CT Angiogram Area Stenosis Calculations Overestimate the Degree of Carotid Stenosis Compared to NASCET Diameter Stenosis Calculations

2021 
Abstract Objective The degree of carotid artery stenosis, as calculated by catheter-based angiography using NASCET methodology, has been shown to predict stroke risk in several large randomized controlled trials. In the current era, patients are increasingly being evaluated with CT-angiography (CTA) prior to carotid artery revascularization, especially as transcarotid artery revascularization (TCAR) adoption grows. Interpretation of CTA for degree of carotid stenosis has not been standardized, with both NASCET methodology and area stenosis being used.
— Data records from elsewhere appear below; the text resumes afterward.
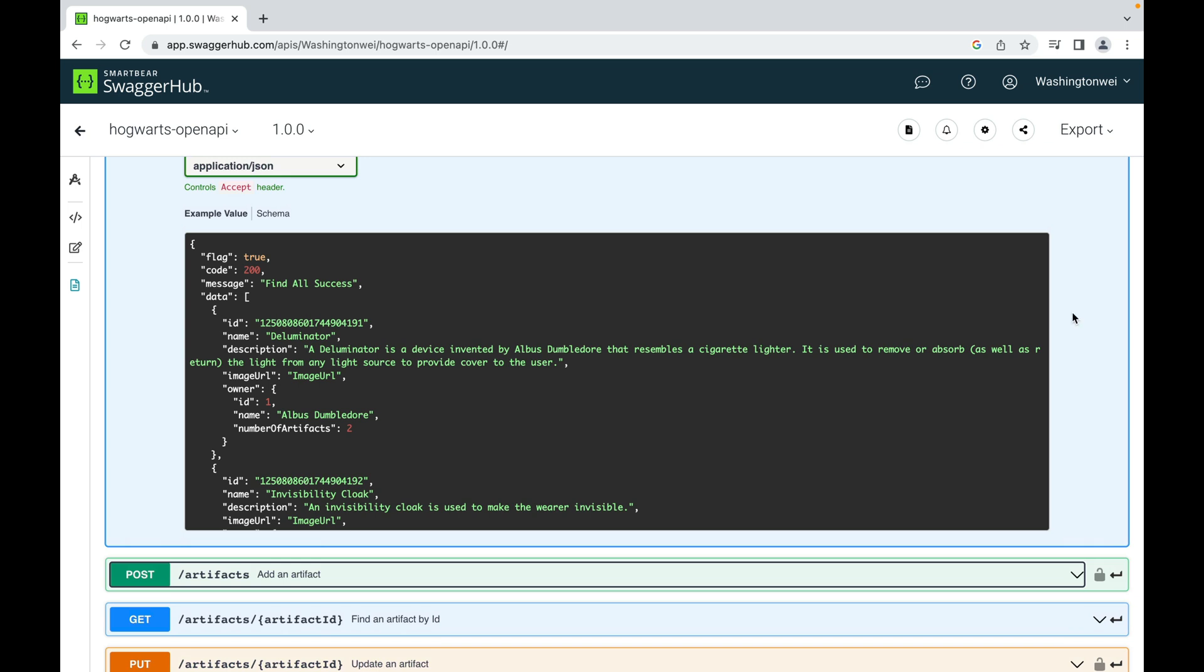I want to point out that I defined a uniform response format. It has four parts: flag, code, message, and data. Flag tells the client whether the request is successful or failed. The code is a number that represents the status of the request. The message provides more details about the returned code. The data is the actual payload. For example, it can be an artifact or in this case, a list of artifacts.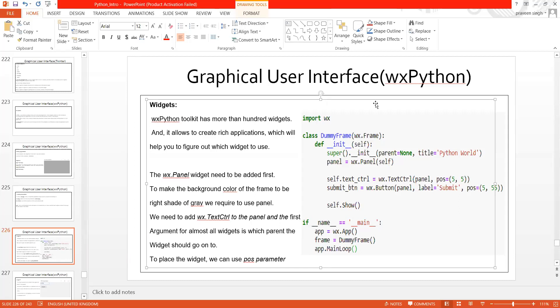This Python toolkit — wxPython — has more than 100 widgets. It depends on you which widget you are going to use. It allows you to create a rich application with all the functionalities and features present, and it will always help you figure out which widget to use.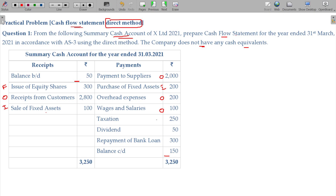Investing activities — we will see that separately. Dividend payment — financing. Interest paid — financing. Payment of repayment of bank loan — financing.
We performed a single-institution, blinded, retrospective analysis of CTAs using both NASCET methodology and CT-derived area stenosis to assess concordance/discordance between the two methods when evaluating ≥70% and ≥80% stenosis. Methods The UMass Memorial Medical Center vascular lab database was queried for all carotid duplex ultrasounds performed from 2008-2017. The dataset was winnowed to patients with duplex-defined ≥70% stenosis (defined as peak systolic velocity (PSV) ≥125 cm/s and an internal carotid-to-common carotid (ICA:CCA) ratio ≥4), and a correlative CTA performed Results Of 37,204 carotid duplex ultrasounds reviewed (2008-2017), 3,480 arteries met criteria for duplex defined ≥70% stenosis. A correlative CTA within 1 year of the duplex was identified in 460 arteries, of which 320 were adequate quality for blinded review. The median days between duplex and CTA was 9.5 days. Concordance between area and NASCET methodologies were poor for both ≥70% (κ = 0.32) and ≥80% stenosis (κ = 0.25). Of 247 arteries considered to have ≥70% area stenosis, 127 (51.4%) were considered to have ≥70% NASCET stenosis. Of 169 arteries considered to have ≥80% area stenosis, 44 (26.0%) were considered to have ≥80% NASCET stenosis. Conclusions Area stenosis CTA calculations of carotid artery stenoses dramatically overestimate the degree of carotid stenosis compared to that calculated by NASCET methodology. Given that stroke risk estimates are based on trials that used NASCET methodology, area stenosis likely overestimates the risk of stroke. Therefore, area stenosis calculations may lead to unnecessary carotid revascularization procedures. This model highlights the need for standardized utilization of NASCET methodology when utilizing CTA as the imaging modality to determine threshold for carotid revascularization.